It’s good to be living in the land of the orange.
Ready for picking, a tradition in Valencia |
Of course, if you’re English like me, the William of Orange that matters to you is the third of that name who, by pure coincidence, was also the third William to mount the English throne (and, in passing, the Scottish one, which was still technically separate back then) when he grabbed power. And the grab involved military force. So if he’s the important William of Orange for the English, he’s even more important for the Irish, because most of the fighting took place there and, like most fighting in Ireland, it was pretty deadly.
William was Protestant and in that bloodthirsty conflict, he led the Protestant side. Which is why a lot of Irish Protestants, especially in those six Ulster counties that remain part of the United Kingdom (for now: Brexit may change that before long), are called Orangemen.
What about an Orange woman, though? I suppose that could be a female Orangeman. Alternatively, she could be the famous – or possibly infamous – mistress of King Charles II, the “orange girl” Nell Gwynn. Such orange girls sold the fruit, among others, to theatre goers, and also assisted them, for a small fee, in getting messages to the actors or actresses backstage, not always for the kind of purposes on which the Church tends to smile.
Nell Gwynn Not our orange woman |
The woman in question was a member of the Nordic Walking group we’ve joined in Valencia. Her name is one of those wonderfully uplifting and religiously significant ones that the Spanish like to go in for: Ascensión. I presume that’s about the ascension to heaven of some divine person or another, probably the virgin Mary, since it’s a female name.
Ascensión in one of her fields outside Valencia, on the horizon behind her |
As for trying it in Spanish, my experience with puns in that language hasn’t been encouraging. Some who have got used to me now give me a kind of weary, knowing smile, as if to say, “yes, I that’s a pun you’ve come up with and because I’m friendly, I’m acknowledging the fact, but don’t expect an uproarious response, like actual laughter”. Most Spaniards, though, just look at me blankly and change the subject.
It seems that Spaniards don’t appreciate my punning wit quite as much as my English-speaking friends.
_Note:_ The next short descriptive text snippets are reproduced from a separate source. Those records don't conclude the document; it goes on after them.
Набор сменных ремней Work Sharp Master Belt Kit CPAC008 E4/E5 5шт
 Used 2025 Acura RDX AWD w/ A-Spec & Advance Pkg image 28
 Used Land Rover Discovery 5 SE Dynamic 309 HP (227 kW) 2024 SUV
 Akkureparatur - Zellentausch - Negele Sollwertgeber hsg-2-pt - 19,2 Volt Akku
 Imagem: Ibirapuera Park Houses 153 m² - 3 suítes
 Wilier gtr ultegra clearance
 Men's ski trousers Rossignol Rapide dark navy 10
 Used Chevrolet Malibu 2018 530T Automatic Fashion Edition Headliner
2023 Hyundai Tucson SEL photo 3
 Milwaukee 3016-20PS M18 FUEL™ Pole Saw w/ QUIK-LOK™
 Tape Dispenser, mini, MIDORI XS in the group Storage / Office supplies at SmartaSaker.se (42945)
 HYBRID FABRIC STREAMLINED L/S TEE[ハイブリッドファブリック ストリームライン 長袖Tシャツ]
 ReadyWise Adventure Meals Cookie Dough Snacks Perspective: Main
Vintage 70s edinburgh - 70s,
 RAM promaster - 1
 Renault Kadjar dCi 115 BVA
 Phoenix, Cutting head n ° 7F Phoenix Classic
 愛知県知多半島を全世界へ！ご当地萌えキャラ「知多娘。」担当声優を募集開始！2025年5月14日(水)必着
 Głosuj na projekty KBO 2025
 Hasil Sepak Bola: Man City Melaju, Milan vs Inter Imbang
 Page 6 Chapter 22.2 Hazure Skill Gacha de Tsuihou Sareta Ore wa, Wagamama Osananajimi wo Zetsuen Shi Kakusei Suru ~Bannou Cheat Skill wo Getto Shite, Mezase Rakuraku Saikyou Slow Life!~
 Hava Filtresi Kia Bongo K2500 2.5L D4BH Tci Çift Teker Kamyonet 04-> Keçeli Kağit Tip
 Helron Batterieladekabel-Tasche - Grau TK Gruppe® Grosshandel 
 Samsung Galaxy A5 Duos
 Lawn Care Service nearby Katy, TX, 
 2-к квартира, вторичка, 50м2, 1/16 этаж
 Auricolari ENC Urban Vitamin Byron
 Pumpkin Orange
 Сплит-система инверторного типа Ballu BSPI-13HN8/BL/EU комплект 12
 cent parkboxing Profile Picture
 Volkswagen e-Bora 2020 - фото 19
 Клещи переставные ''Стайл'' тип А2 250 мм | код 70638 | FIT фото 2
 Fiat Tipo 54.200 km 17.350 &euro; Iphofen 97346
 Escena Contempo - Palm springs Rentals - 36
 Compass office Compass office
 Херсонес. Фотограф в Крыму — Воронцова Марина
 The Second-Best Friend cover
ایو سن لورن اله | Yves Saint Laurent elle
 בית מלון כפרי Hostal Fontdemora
Among them, of course, it’s a much sought-after and warmly admired aspect of my character. Right?
Right?
The reason we gave Ascensión a lift is that she invited us out to her alquería. Now, that’s a word I like. That initial ‘al’ tells you it’s Arabic, dating from the time when most of Spain was under Moorish rule, and indeed it’s from the word in that language for a farmstead – which is what it means in Spanish too.
So now at last we’ve reached the word ‘orange’ to go along with the ‘woman’, who was Ascensión. Because her alquería is set in orange groves, and she grows and sells the fruit as a small addition to her income. The income’s small because the sector’s taken a terrible competitive blow from North Africa, just across the water, with its cheaper products.
But Valencia, as well as being a region of rice, of wine and (at one time) of silk, is an orange-growing area of long tradition. The oranges are excellent. So being invited to Ascensión’s place to collect as many as we wanted to pick, was a dream come true. We filled a crate, and as a result we now have excellent fresh orange juice, or simply fresh oranges to eat, pretty much every day. With the promise that, once the crate is empty, we can fill it again.
The crate of oranges we picked at Ascensión's alquería |
Our orange woman is Ascensión, and it’s a privilege to have met her.